Victimisation et personnalisation
Le journaliste écarquille les yeux et demande concrètement ce qui ne va pas dans la brochure présentant les votations du 5 juin. Il n’aura pas de réponse claire de la part de la cheffe de la droite, si ce n’est une succession de phrases à forte teneur émotionnelle et subjective : « on nous dit que l’on a mis la Ville à sang, nous sommes traînés dans la boue, on nous dit que tout le monde est affaibli, amputé, on n’a pas été entendu, on se sent insulté dans la brochure… nous ne voulons pas passer pour des méchants, nous voulons dire que parce qu’ils ne sont pas d’accord ils nous traitent de cette manière et il est mis dans la brochure que nous sommes des sadiques… » La cheffe de groupe finit dans un souffle: « enfin je vous dis là mon ressenti » Le mot est lâché, c’est donc, au final, de son sentiment que la droite parle et à partir de celui-ci qu’elle se sent autorisée à faire recours et encombrer les tribunaux. On a définitivement quitté le terrain du politique, pour naviguer dans l’espace infantile et régressif du: « je ne me sens pas compris, tu es très très méchant, je te coupe la paix… et ton budget avec ».

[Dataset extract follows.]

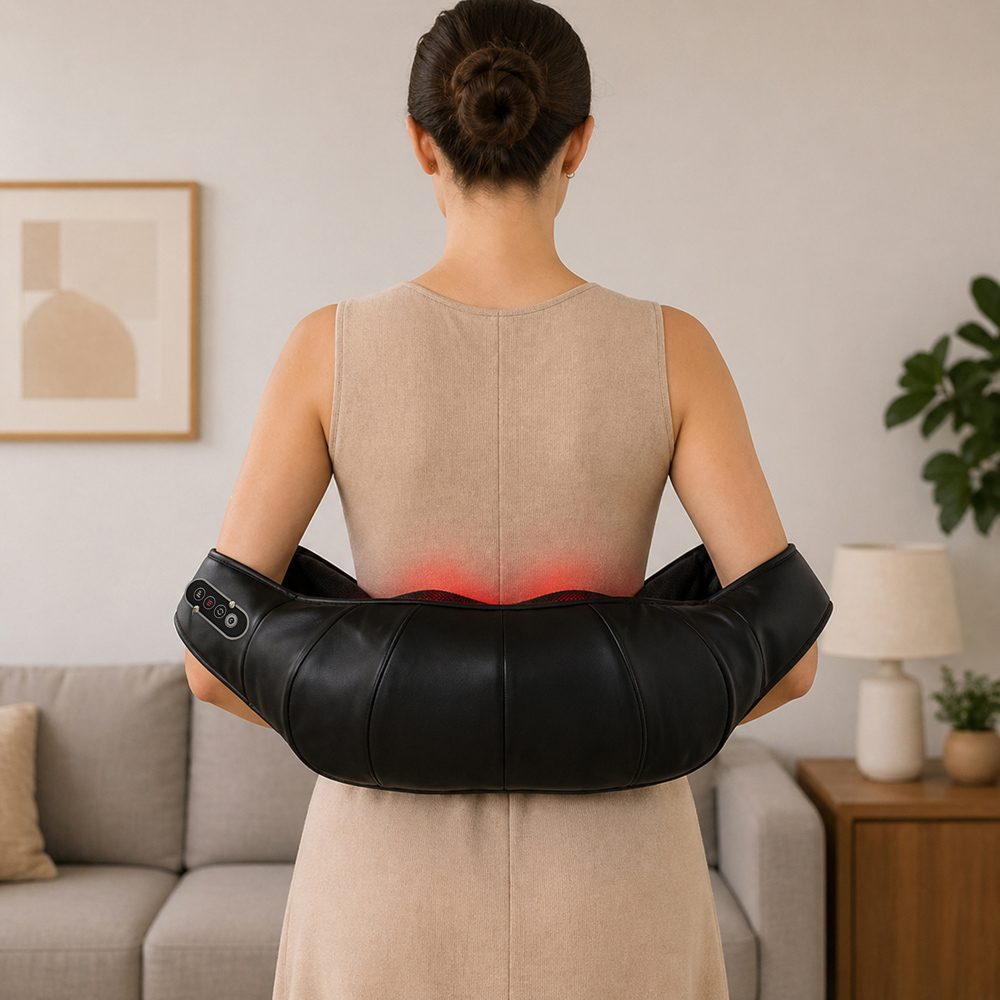 HOMCOM Black Shiatsu Neck Massager with Heat and 3D Deep Tissue Kneading Image 7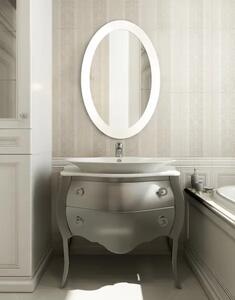 Zrcadlo Balde Oval bílé 70 x 110 cm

La droite a peur de son image
On a beau lire et relire la brochure des votations, on n’y retrouve aucun des qualificatifs offusqués employés par la droite. Sa blessure narcissique doit venir du fait que l’on déduise qu’ils sont les acteurs des coupes injustifiées pour 8 millions dans les finances publiques, avec des conséquences importantes pour le fonctionnement de la Ville de Genève et ses habitant-e-s:
- Réduction de 2.5% sur les mandats extérieurs et les achats de la Ville de Genève (Gérance immobilière, Service des sports, service des écoles, nettoyage des préaux).
- Réduction de 2% sur les subventions accordées par la Ville de Genève à l’exception du sport, du Grand Théâtre et de la petite enfance.
- Réduction de 10% sur l’ensemble des Fonds généraux culturels.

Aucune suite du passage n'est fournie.